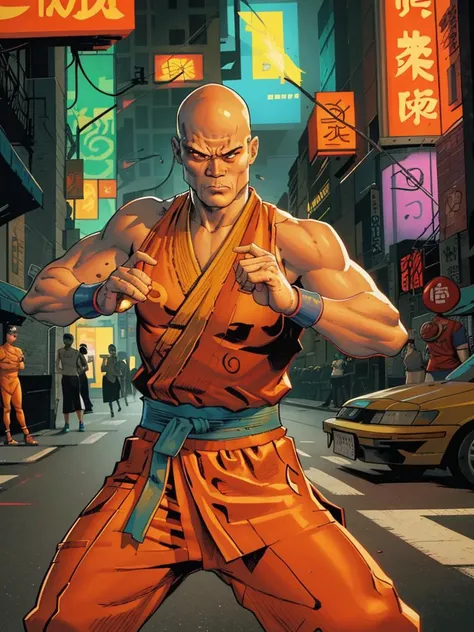 masterpiece, best quality, a professional erotic portrait photograph with vivid colors of an athletic cyberpunk shaolin monk in a kung fu stance on a busy cyberpunk street, detailed, masterpiece, absurdres, best quality, flat colors, dark, upper body <lora:clayMann-000012:0.85>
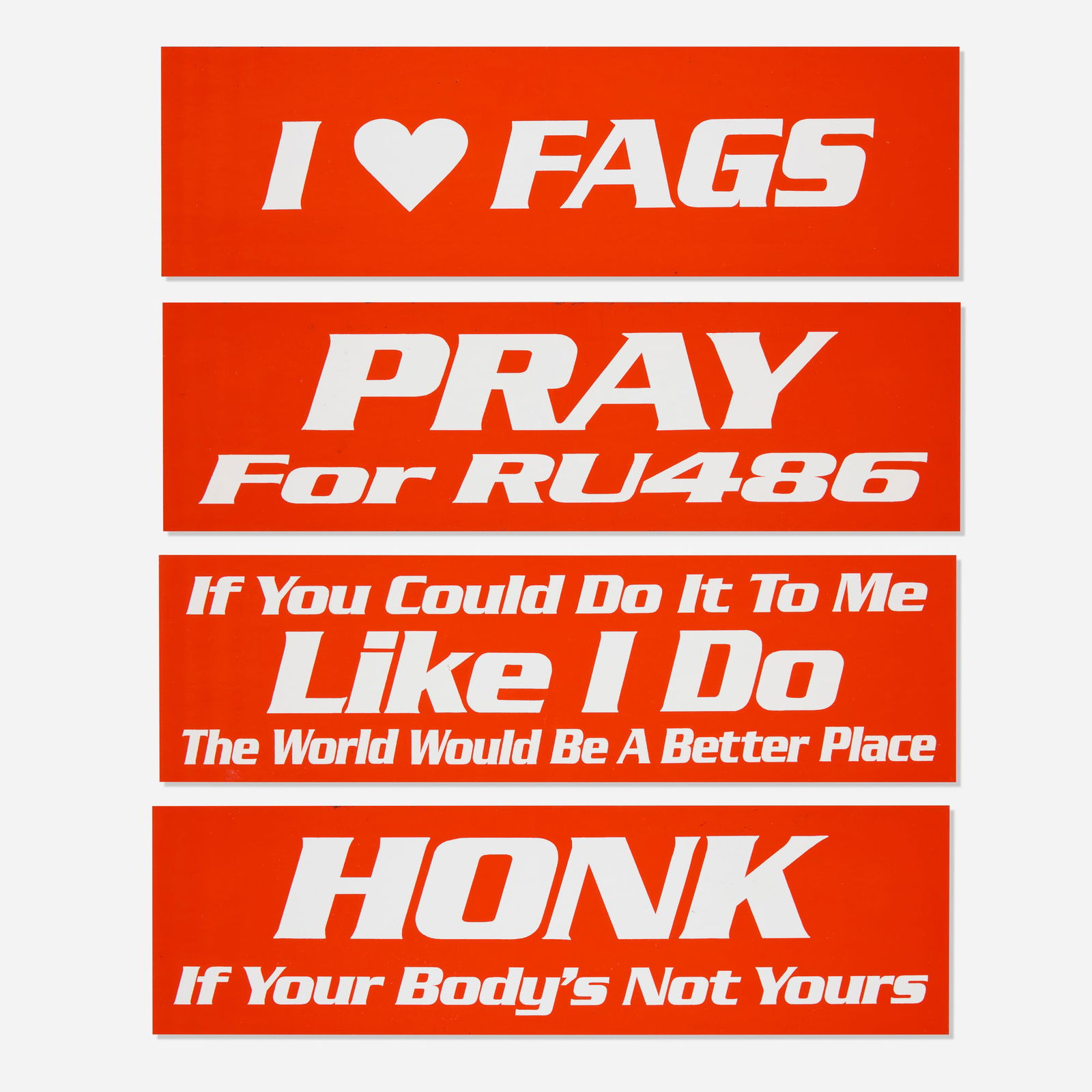 Marlene McCarty, Bumper stickers, set of seven (1 of 2)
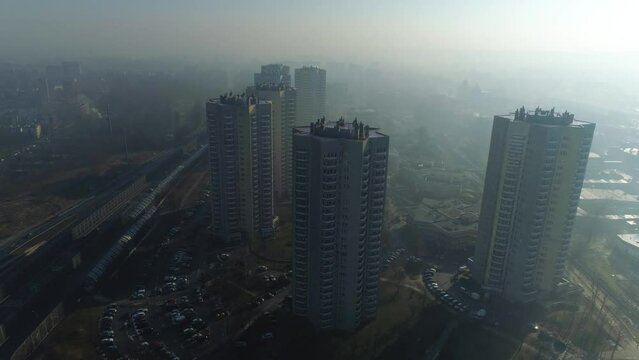 Aerial View On Fog Star Skyscrapers. Beautiful Silesian Climate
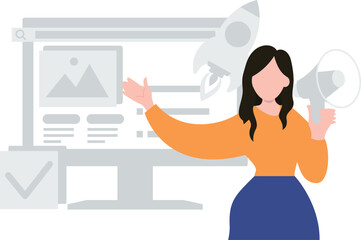 The girl is watching the work on the monitor.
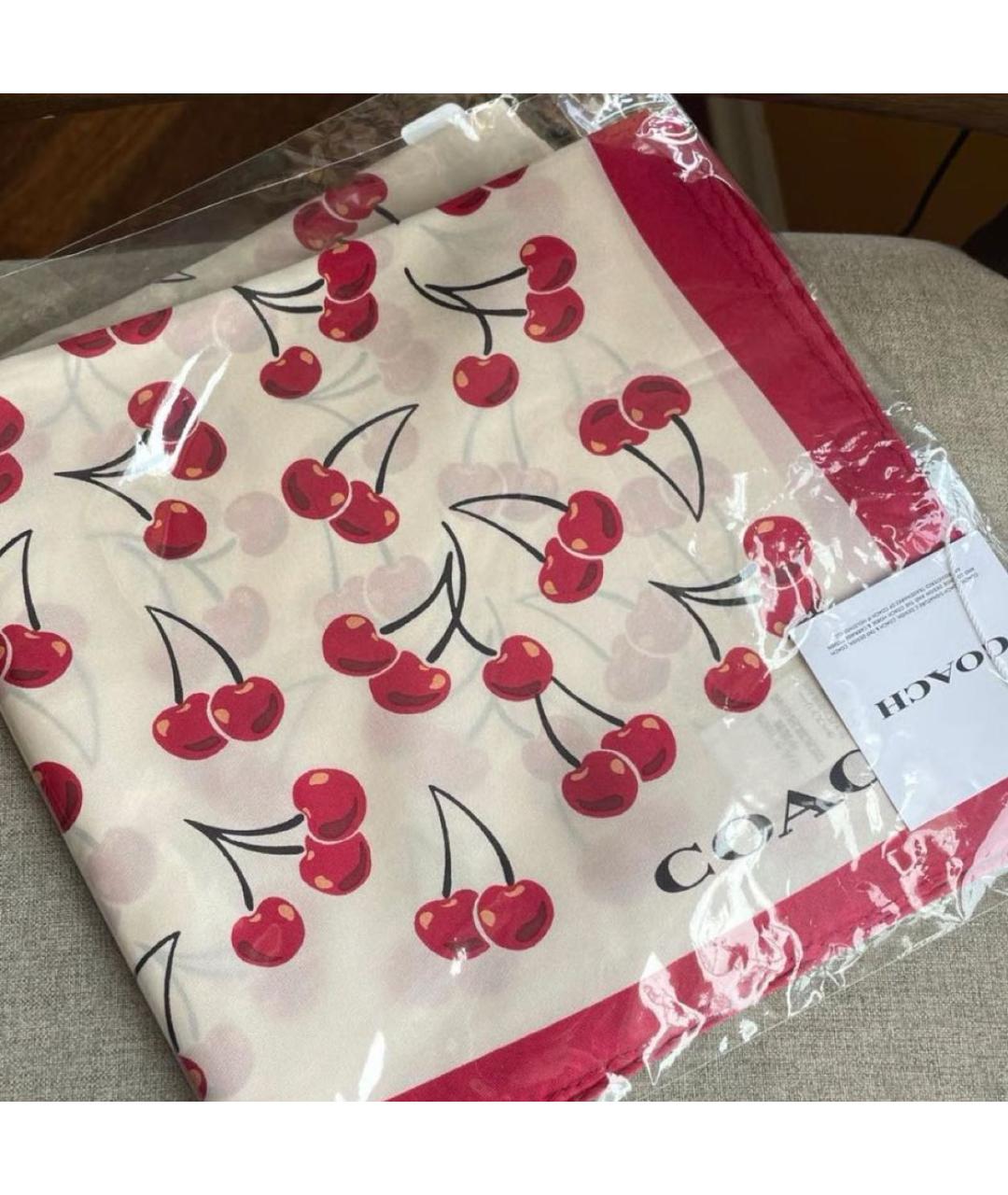 COACH Бордовый шелковый платок, фото 8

- _Instructions to follow_
What you give back should be exactly the lines from the line holding "Marlene McCarty, Bumper" through the final line of the material, both ends included, and please leave out the pictures.

- _Task result_
 Marlene McCarty, Bumper stickers, set of seven (1 of 2)
 Aerial View On Fog Star Skyscrapers. Beautiful Silesian Climate
 The girl is watching the work on the monitor.
 COACH Бордовый шелковый платок, фото 8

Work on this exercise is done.